Crate sconcat [] [src]

String concatenation

Concatenatation of characters (char), string slices (&str) and owned strings (String).

A concatenation is started with the Cat element, and any number of characters, string slices or strings can be concatenated using the + operator. The concatenation can be converted or appended to a String.

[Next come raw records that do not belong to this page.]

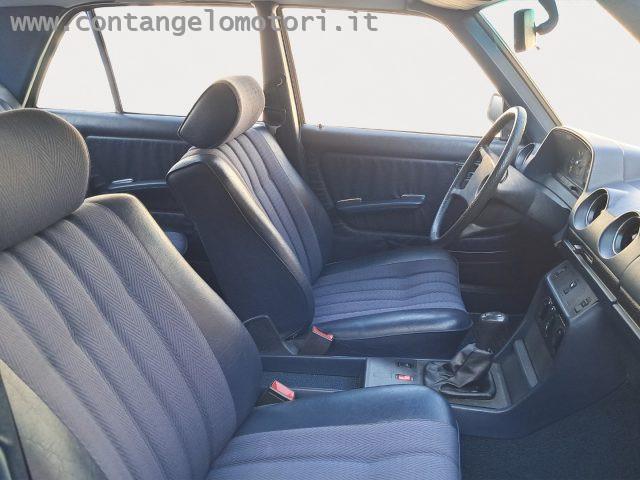 MERCEDES-BENZ 200 200 W123 KM 94000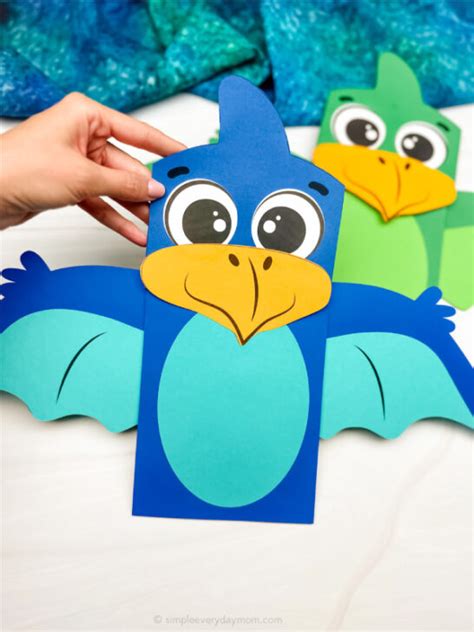 Dinosaur Puppet Craft For Kids [Free Template]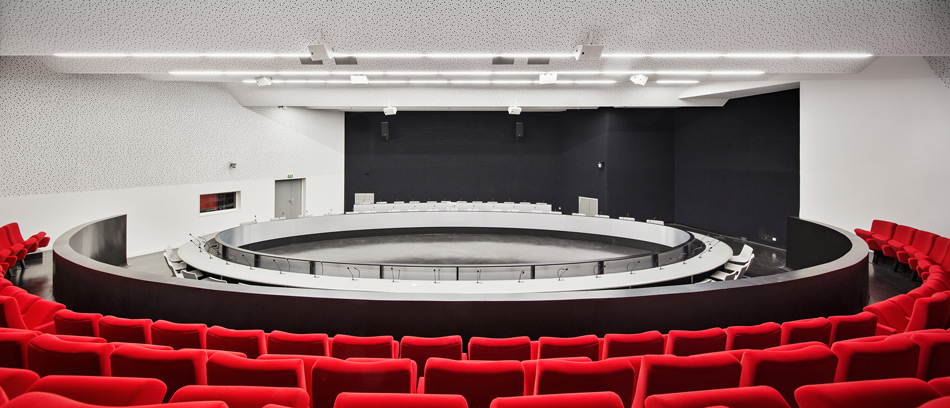 jean-pierre lott bagnolet town hall designboom
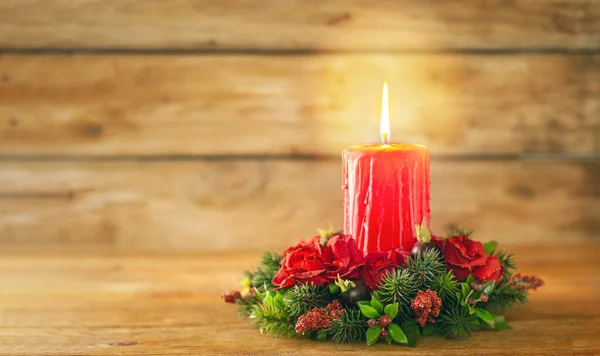 Yanan Noel Kırmızı Mumu Ahşap Bir Masada Şenlikli Noel Düzenlemesi — Stok fotoğraf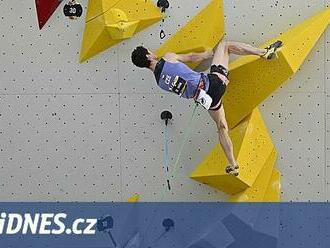 Do Paříže poletí, rameno šetří. A přece nekončí. Ještě si zalezu, nebojí se Ondra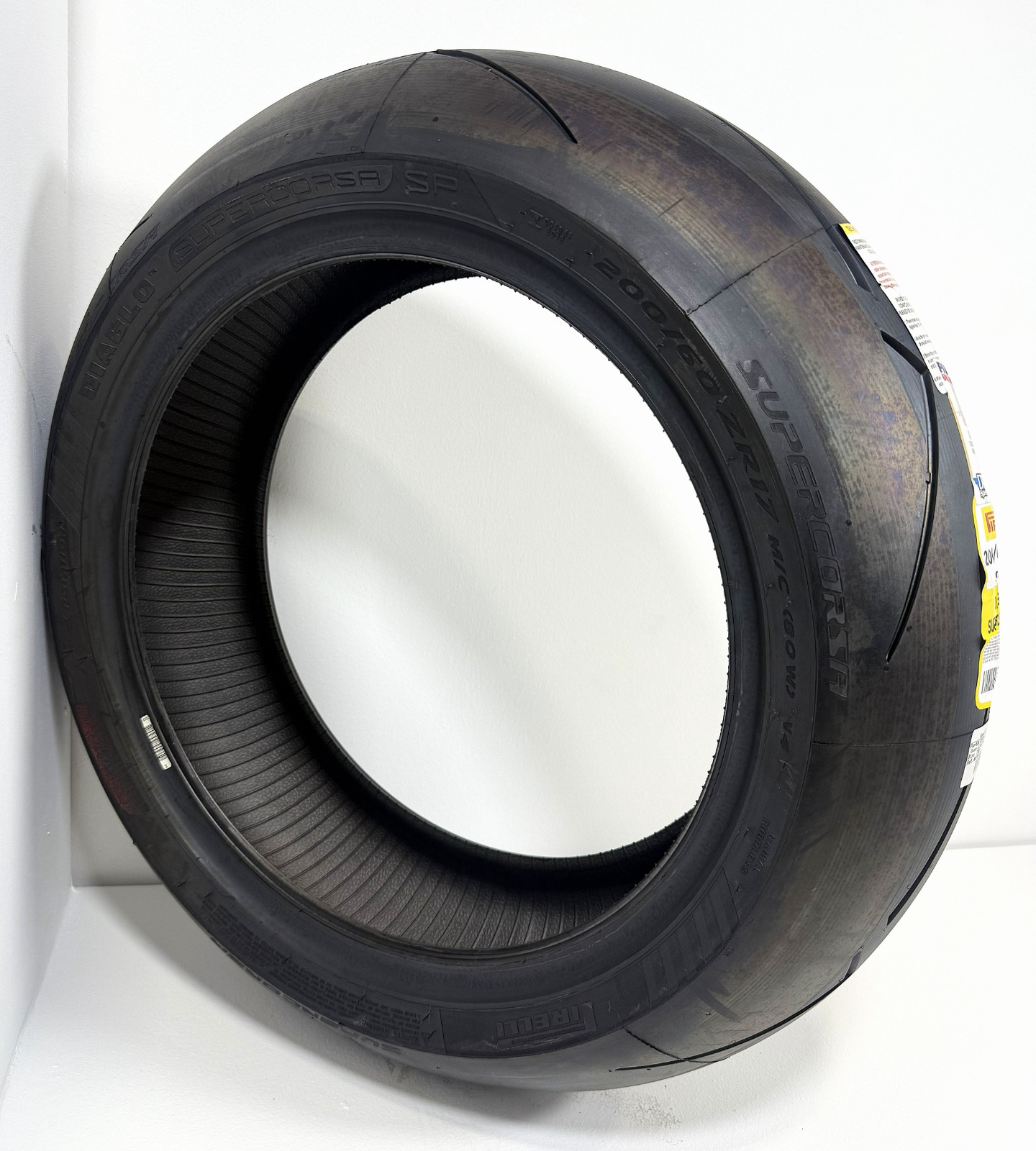 Pirelli 200/60 ZR 17 -- Diablo Supercorsa SP V4 Rear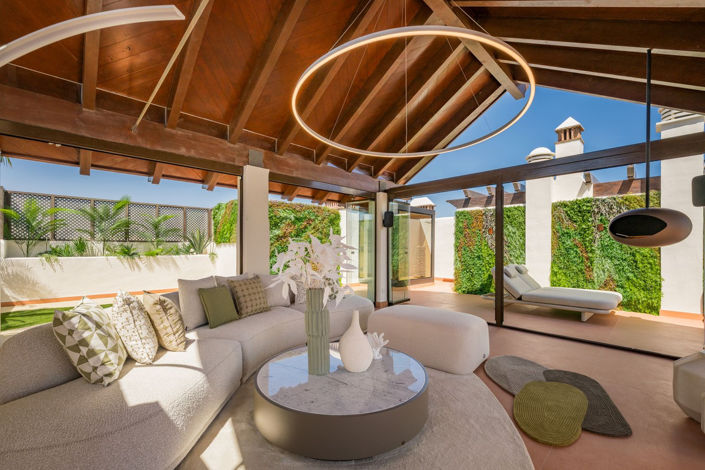 Image No.23-3 Bed Property for sale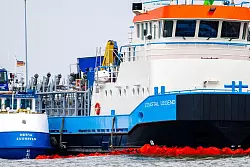 Die Einsatzkräfte errichteten Ölsperren. - © Sina Schuldt/dpa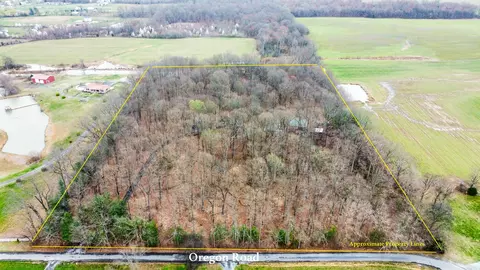 4327 Oregon Rd, Springfield, TN 37172 photo 2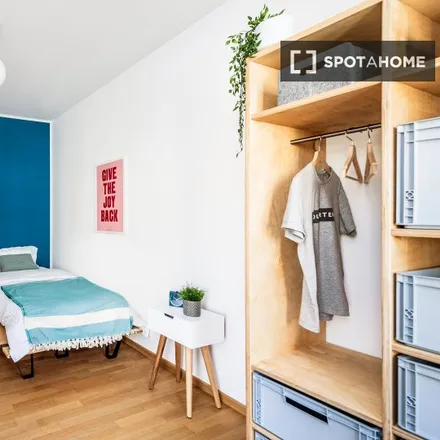 Rent this 2 bed room on Genuine Treats in Boxhagener Straße 43, 10245 Berlin
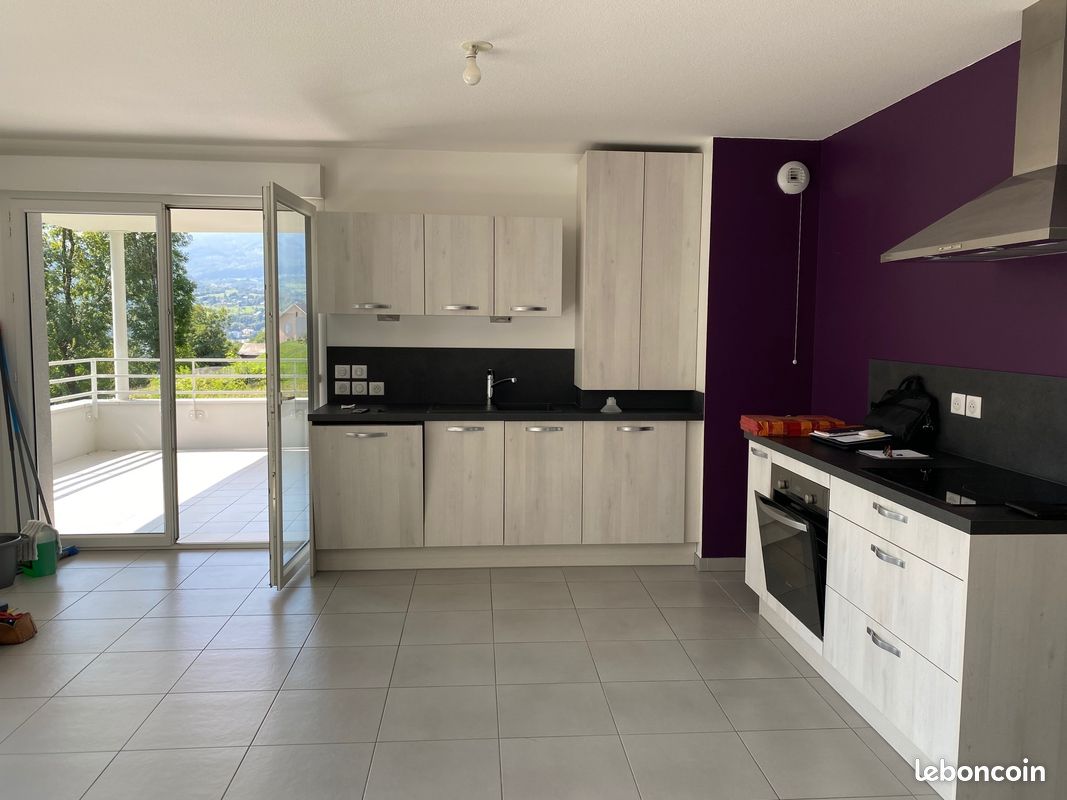 Appartement 3 pièces 78 m² · à Bassens · 78 m² · 1 090 €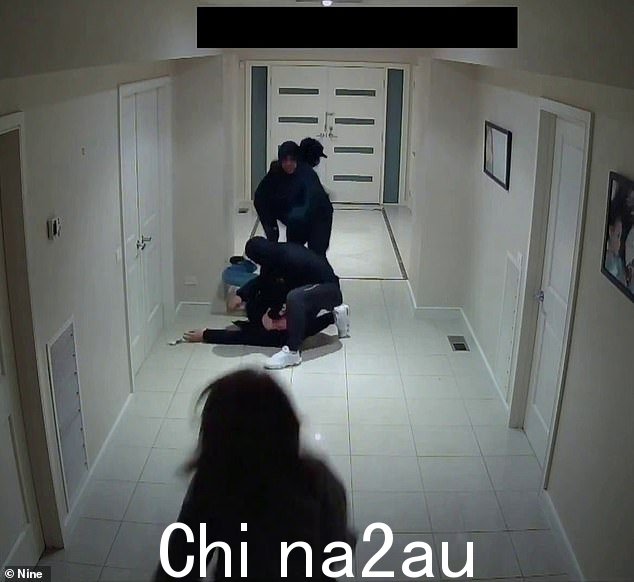 当一名女子跑到家中跑进来干预时,暴力入室行动告一段落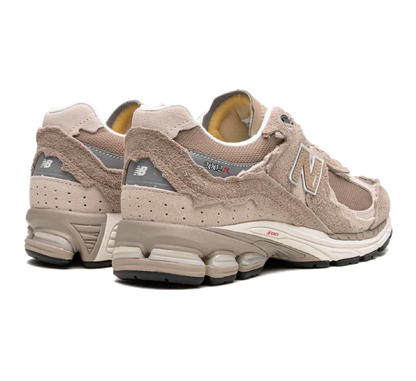 New Balance 2002R Protection Pack Driftwood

If the concatenation is converted to a String, and it starts with an owned string with enough capacity to store the result, no allocations or reallocations take place. If the concatenation is appended to a String with enough capacity, no allocations or reallocations take place. Otherwise, one allocation or reallocation takes place.

Examples

A concatenation can be converted to a String.

use sconcat::Cat;

let cat1 = Cat + "Hello, " + "world! " + '☺';
// One allocation:
let s1 = String::from(cat1);
assert_eq!(s1, "Hello, world! ☺");

let cat2 = Cat + String::from("Hello, ") + "world! " + '☺';
// At most one reallocation as the initial `String` is resized:
let s2 = String::from(cat2);
assert_eq!(s2, "Hello, world! ☺");

A concatenation can also be appended to a String.

use sconcat::Cat;

let cat = Cat + "world! " + '☺';
let mut s = String::from("Hello, ");
// At most one reallocation as the initial `s` is resized:
s += cat;
assert_eq!(s, "Hello, world! ☺");

If the concatenation starts with a String that has enough reserved space, no reallocations will take place.

use sconcat::Cat;

let mut buf = String::from("Hello, ");
// 7 bytes for "world! " and 3 bytes for '☺'
buf.reserve(10);
let ptr = buf.as_ptr();
let cat = Cat + buf + "world! " + '☺';
let s2 = String::from(cat);
assert_eq!(s2, "Hello, world! ☺");
assert_eq!(s2.as_ptr(), ptr);

The concatenation also implements Display and Debug. However, using to_string() can result in multiple reallocations, so String::from(cat) is preferred over cat.to_string() where possible.

use sconcat::Cat;

let cat = Cat + "Hello, " + "world! " + '☺';
// `s1` can be resized up to three times:
let s1 = cat.to_string();
assert_eq!(s1, "Hello, world! ☺");
// Only one allocation here:
let s2 = String::from(cat);
assert_eq!(s2, "Hello, world! ☺");
// The following would fail as now `cat` has been moved:
// let s3 = String::from(cat);

Usage

To use sconcat in your crate, add extern crate sconcat; to the crate root and add sconcat as a dependency in Cargo.toml:

[dependencies]
sconcat = "0.2"

Optional features

The crate supports an optional feature fast_fmt, which adds a dependency on the fast_fmt crate. When the feature is enabled, the concatenation implements fast_fmt::Fmt. To enable the feature, the dependency in Cargo.toml can be added as:

[dependencies]
sconcat = { version = "0.2", features = ["fast_fmt"] }

Structs

Cat

A term that is used to start a string concatenation.